This finding provides strong evidence that reinforcement learning with verifiable rewards (RLVR (Yue et al., 2025)) used to train thinking models primarily teaches when to activate pre-existing skills rather than teaching how to execute those skills. This perspective has direct implications for more efficient training of reasoning in future language models.

In this section, we explore the main question of our paper: do base models already possess the reasoning mechanisms of thinking models, and if so, can we induce these behaviors through targeted interventions? Our hypothesis, supported by preliminary evidence in prior work (Ward et al., 2025a; Hou et al., 2023; Galichin et al., 2025), is that non-thinking models may already contain the latent capacity for sophisticated reasoning patterns, such as uncertainty estimation and backtracking, but lack the ability to effectively determine when to employ these mechanisms.

Following Marjanovi´c et al. (2025), we define a reasoning behavior (or reasoning mechanism) as an individual cognitive-like step or operation that a model performs as part of its chain-of-thought when working through a problem. Such steps, for example, verifying an intermediate result, backtracking to revise an approach, or setting a subgoal, serve as interpretable, compositional building blocks of the model’s reasoning process.

To investigate this hypothesis, we propose a hybrid approach that combines the strengths of base models with the decision-making capabilities of thinking models. In other words, the hybrid model is powered by the base model, but driven by the thinking model. We control the base model with steering vectors: directions in activation space that, when added to intermediate activations, induce target behaviors (Turner et al., 2023; Arditi et al., 2024; Zou et al., 2023; Panickssery et al., 2023). This leverages the linear representation hypothesis, which posits that certain concepts and behaviors in neural networks are represented as directions in activation space. The details of how we find and compute the steering vectors are provided in Appendix C.

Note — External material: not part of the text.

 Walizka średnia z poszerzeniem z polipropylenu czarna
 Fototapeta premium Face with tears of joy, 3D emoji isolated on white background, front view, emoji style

Once we have extracted the causal vectors that induce the reasoning mechanisms in base models using the approach in Section 2, we allow a thinking model to decide when to activate these steering vectors by analyzing the base model’s generation and identifying appropriate moments to induce specific reasoning mechanisms. This flow is depicted in Figure 1. If this hybrid model performs comparably to dedicated thinking models, it would provide evidence that the fundamental reasoning mechanisms already exist within base models, and that thinking models primarily learn when to optimally deploy these mechanisms rather than developing entirely new capabilities.